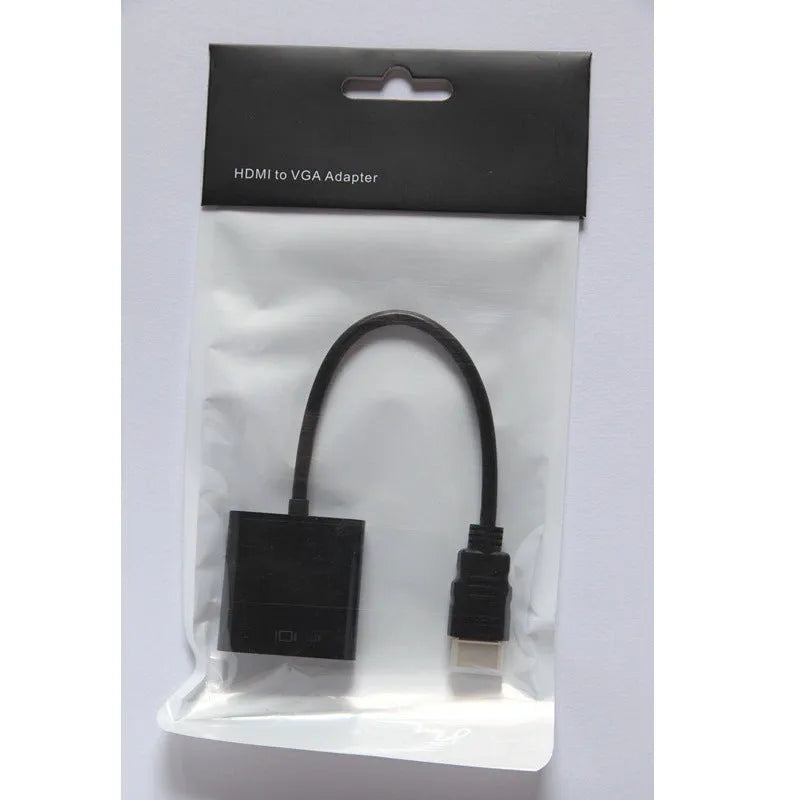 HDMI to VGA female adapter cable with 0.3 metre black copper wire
==
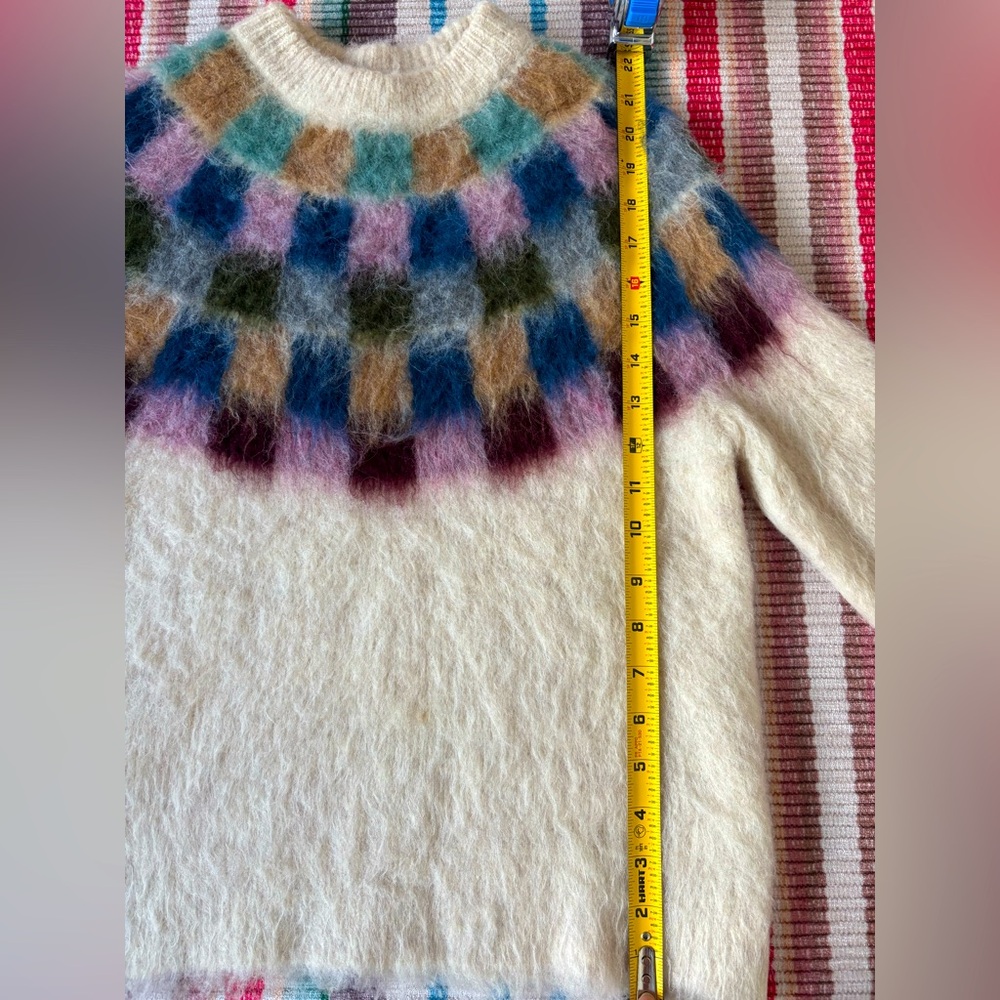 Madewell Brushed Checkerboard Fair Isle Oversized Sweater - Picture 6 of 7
---
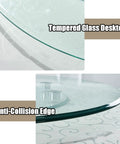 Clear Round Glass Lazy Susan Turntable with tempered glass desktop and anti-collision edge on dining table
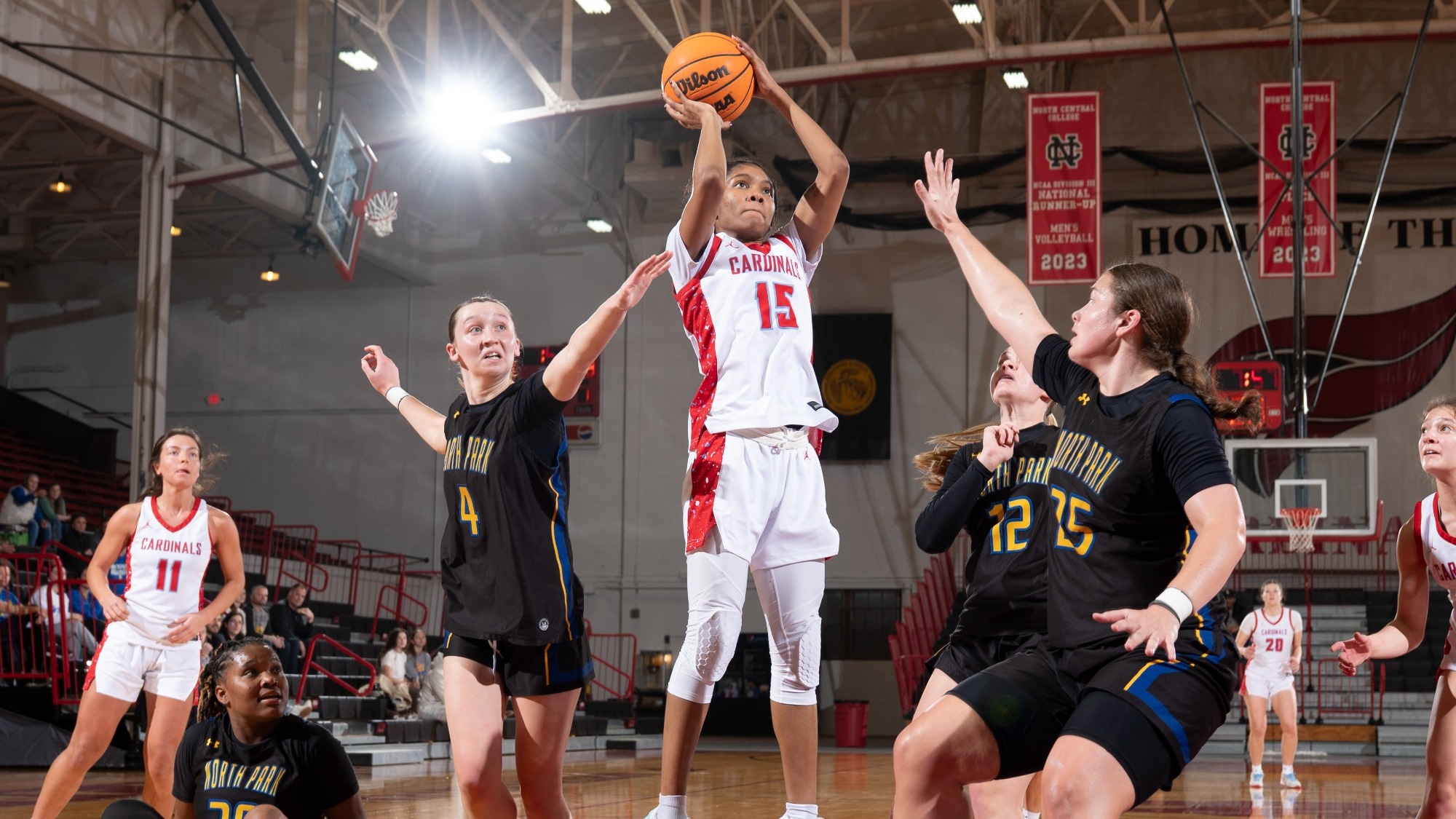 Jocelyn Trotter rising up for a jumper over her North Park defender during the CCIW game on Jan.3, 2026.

ACTIVITY. With the pictures left out, write out exactly the lines above from the one containing "Clear Round Glass" through the one containing "Jocelyn Trotter rising".

RESULT OF THIS EXERCISE.
 Clear Round Glass Lazy Susan Turntable with tempered glass desktop and anti-collision edge on dining table
 Jocelyn Trotter rising up for a jumper over her North Park defender during the CCIW game on Jan.3, 2026.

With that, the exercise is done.